We already know the application limits. The address space works fine as we need 44 bits and we can have 64 bit indexes.

From the initial requirements, we need to have a total of 50 TB of storage and support a total IOPS of 4000 or 40000 at peak.

An EBS volume (gp2) can be up to 16 TB with 10000 IOPS per volume. And naively, we can put 23 EBS volumes on a single machine. The total storage for 10 years is approximately 60 TB. Having 5 volumes would work. This can be managed as a logical unit on a single machine. From RDS Aurora benchmarks, a machine can do 100000 writes and 500000 reads with an r3.8xlarge with 32 cores and 244 GB memory, so the CPU should also be fine at the database layer. FInally, the network would be at peak $40000 * 500\text{ bytes} = 4 * 10^4 * 500 = 2000 * 10^4 = 20 * 10^6 = 20\text{ MB/s}$. Most systems have gigabit connections, so even with multiple slaves, the network should not be an issue.

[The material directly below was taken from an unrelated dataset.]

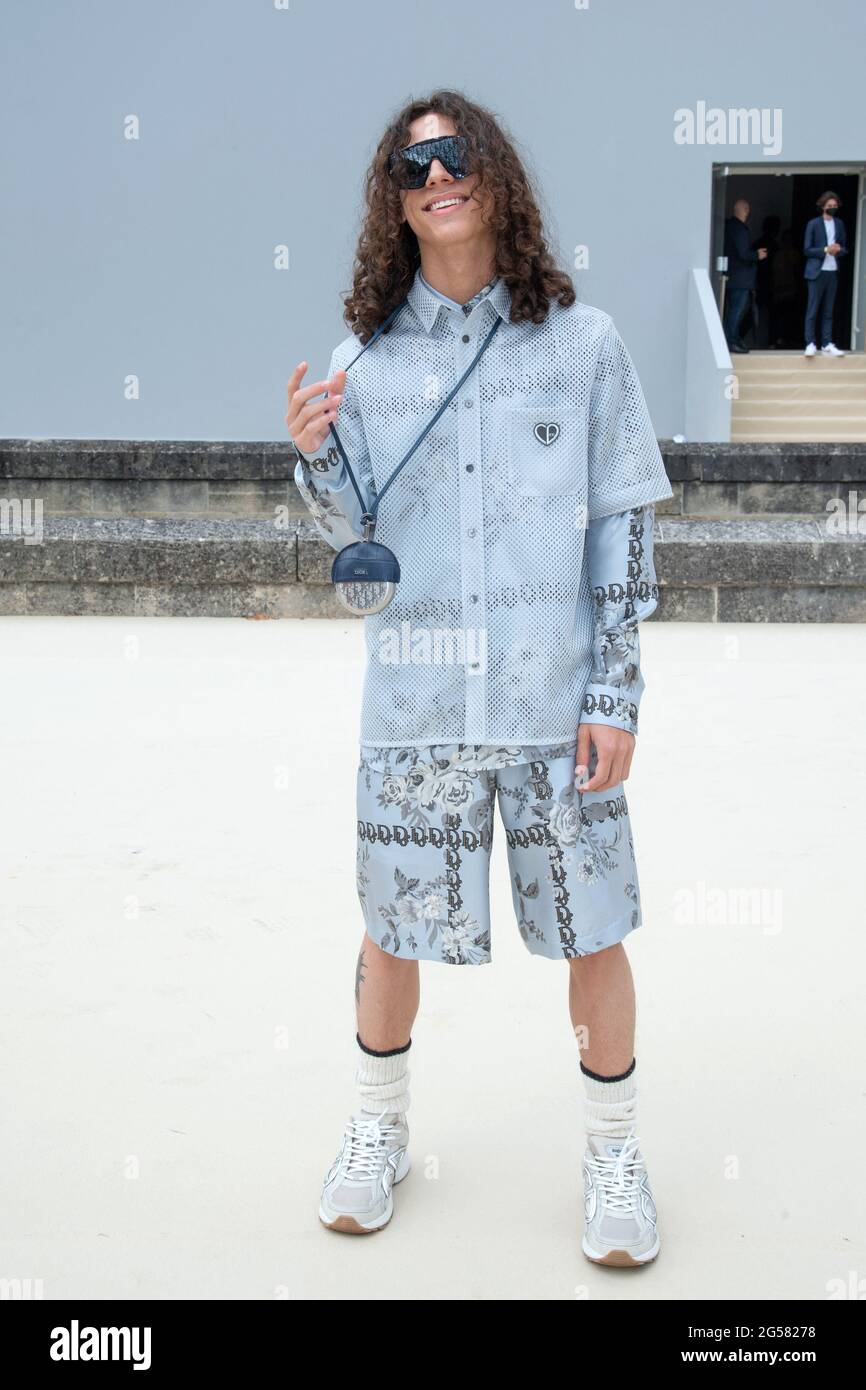 Paris, France. 25th June, 2021. Bella Hadid attending the Dior Homme  Menswear Spring Summer 2022 show as part of Paris Fashion Week in Paris,  France on June 25, 2021. Photo by Aurore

The app should only take a few ms and then we are hopefully in an epoll loop at the database. The entire request cycle should be around 10 ms. The main question now is how much context-switching will affect the overall throughput. Naively, we can say each core can handle $\dfrac{1}{10\text{ ms/request}} = 100\text{ requests/sec}$. This would mean on average we need 40 coes and at peak 400 cores. However, we know it should be much less because of the epoll loop. The application side encode/decode/http-request handling/db query should be on the order of ms. Benchmark yourself to confirm.

This should cover the calculations for the CPU, memory, network and disk for both the app and database. Regarding fault tolerance, we need to have a standard master-slave setup. Automated failover ranges from 30s to 90s.

For initial requirements, this is the simplest design from a development and maintenance perspective.